Having short development windows means we generally have to assume master is releaseble at any point which puts neutral pressure on people to not merge as stable half-implemented features. This avoids burnout of having to go back and "fix everything". If you look at the links of Prior Art, most projects actively staff alpha, beta, and release candidates.
This also allows people to test features out and provide feedback in a timely manner which makes it easier to fix things in a timely manner. If we have a 3 year window, then a fix won't be available to you for 3 years. We already have a problem that "stable" has gotten so good that we don't have enough people testing nightlies to get feedback on unstable features.
This also allows us to remove the pressure of deadlines which helps avoid burn out. When you have longer gaps between being able to release features, it becomes more critical that you hit or it you have to wait a significant amount of time. If I miss one 6 week window, the cost of waiting 6 more weeks is trivial.
I think there was a discussion on this before (but I don't know what happened to that): what if we had semi-stabilised features? Things could change but there would be a deprecation period for removal or migration paths so there wouldn't be an overnight rugpull. While I don't have any interest in using nightly I wouldn't mind such a semi-stable approach, based on regular releases (maybe a specific flag in stable to opt in to this sort of thing, maybe I'd have to be on beta).
Going in that direction seems far more useful than LTS.
(In my experience what actually happens is people opt-in to specific C99 or C11 features that they want, when available, with polyfills, but the code continues to work with older compilers. IMO this is a desirable state of affairs.)

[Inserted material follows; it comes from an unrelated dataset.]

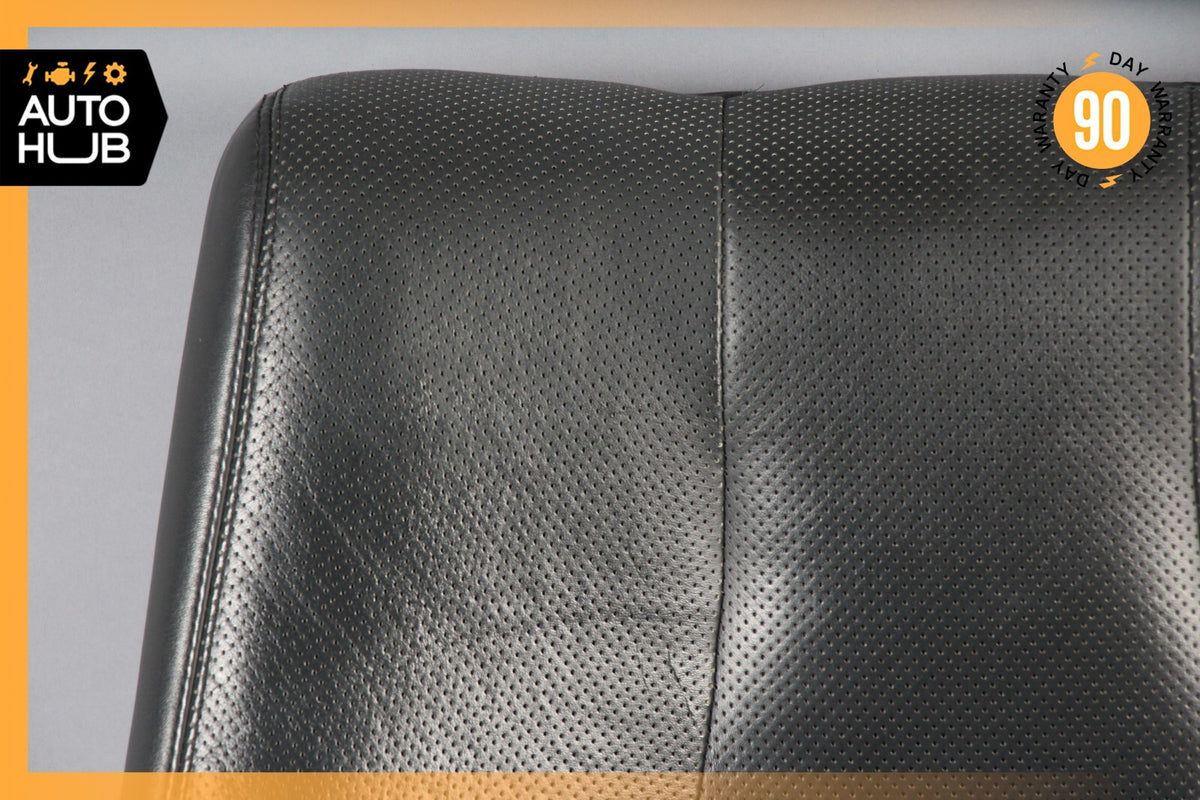 03-06 Mercedes W220 S600 Front Left or Right Top Upper Seat Cushion Black OEM - photo 2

I am completely fine with waiting three years (or more!) for a new language or std feature and I don't think that makes me weird. What @Vorpal keeps calling "stagnation" I call "sensible engineering conservativeness."
I recognize the need for feedback on new features but I think we need to find a way to do that that doesn't involve new features being added to the core language on a six-week cadence. Lean harder on prototyping in crates, maybe?

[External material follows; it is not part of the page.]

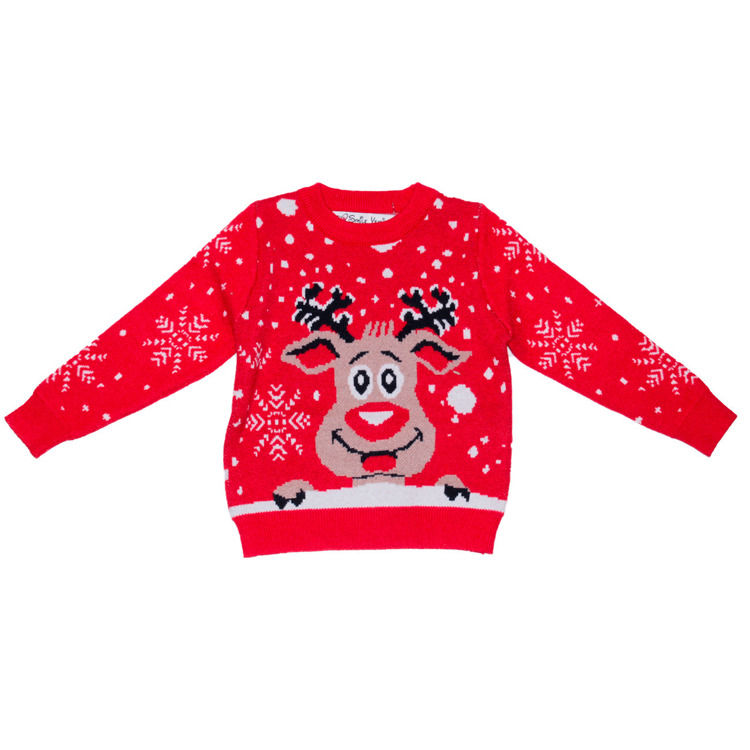 Immagine di Maglione unisex inverno Smile Yes Art. BA951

Then don't use them. One of the goals of the Edition system is to serve as a sync point for marketing / documentation and act as a meta or virtual release that encompasses the last 3 years.

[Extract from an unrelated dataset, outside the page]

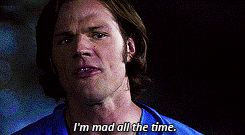 dickiebirdie37:  sam winchester meme: favorite scenes [4] 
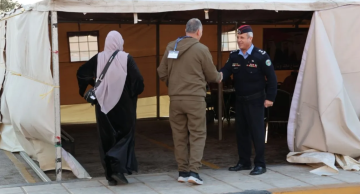 الأمن يقيم خيما رمضانية لإفطار المسافرين في عدد من المراكز الحدودية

Thank you so much for this, very interesting read! I think that this article (and the others you linked) is pretty damming for this idea of a Rust LTS.
The poor stability in practise of LTSes and the wasted effort that could have been better spent on the up-to-date version is something I haven't seen @epage really address here in his replies, but maybe I missed it. I believe it is important to respond to all points of criticism, not just those you think you have good answers for. (I don't know that is what happend, but that is what it looks like, I hope there is a better explaination).
To be clear, I'm not trying to have all the answers but to uncover problems like this so people can know what the problems are if we should move forward with this. This is why I'm fine saying "we have a question for this" until. someone does try to answer it.